SILVERCODERS DocToText is a powerful utility that can convert documents to plain text. It includes a console application and C/C++ library, which allows embedding text extraction mechanisms into other applications.
It supports MS Office binary formats: MS Word (DOC), MS Excel (XLS, XLSB), MS PowerPoint (PPT), Rich Text Format (RTF), OpenDocument (also known as ODF and ISO/IEC 26300, full name: OASIS Open Document Format for Office Applications): text documents (ODT), spreadsheets (ODS), presentations (ODP), Office Open XML (ISO/IEC 29500, also called OOXML, OpenXML or MSOOXML) documents: MS Word (DOCX), MS Excel (XLSX), MS PowerPoint (PPTX), iWork, ODFXML (FODP, FODS, FODT), PDF, EML (emails) and HTML.
DocToText can be also used for searching, indexing archiving, as a fast console viewer or to recover text from corrupted documents. It can also extract text from annotations (comments) and read metadata like author, last modification date or number of pages.
As a note of full disclosure, I sponsored some of the recent development of this application, especially regarding corrupt MS Office 2007 extracting capabilities. That being said, this is a fantastic command line text/data extractor from MS Office files. I do have experience with it extracting text from corrupt docx and pptx files where Word and PowerPoint 2007 themselves fail. Additionally I have experience with it extracting data from corrupt xlsx files. It may not be as effective in recovering text from corrupt doc Word 97-2003 files, Open Office or RTF ones, I only have limited experiences with these. They have yet to include features allowing recovering of data from Excel 97-2003 or text from PowerPoint 97 - 2003 corrupt or not.
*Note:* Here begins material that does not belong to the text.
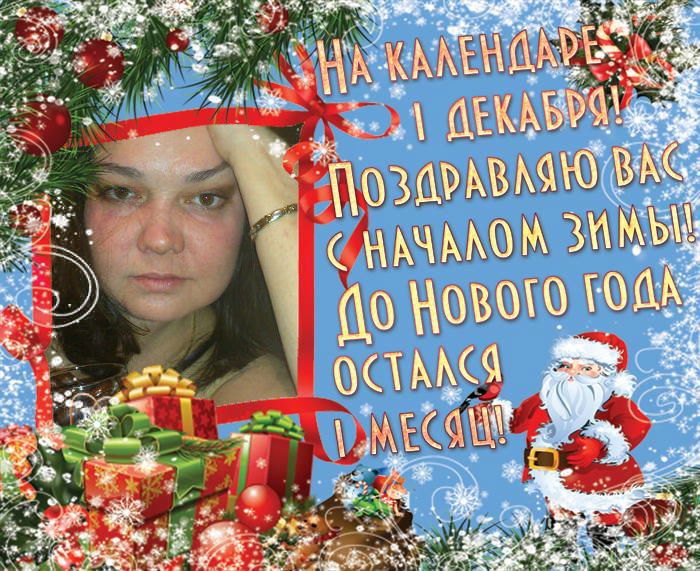 Светлана Антонова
This software is a very effective command line extractor of text from doc, docx, pptx, odt, ods, odp and rtf non-corrupt files as well as data from xlsx files. Data from xlsx files are returned in tab format text files as opposed to the perhaps more common csv format. This app is very well suited as an easy building block or back end for powerful corrupt Office 2007 extracting GUI or web service and MS Office, Open Office and RTF non-corrupt converters. Again it is possible the program will work corrupt doc, odt, ods, odp and rtf files but I have limited experience with these.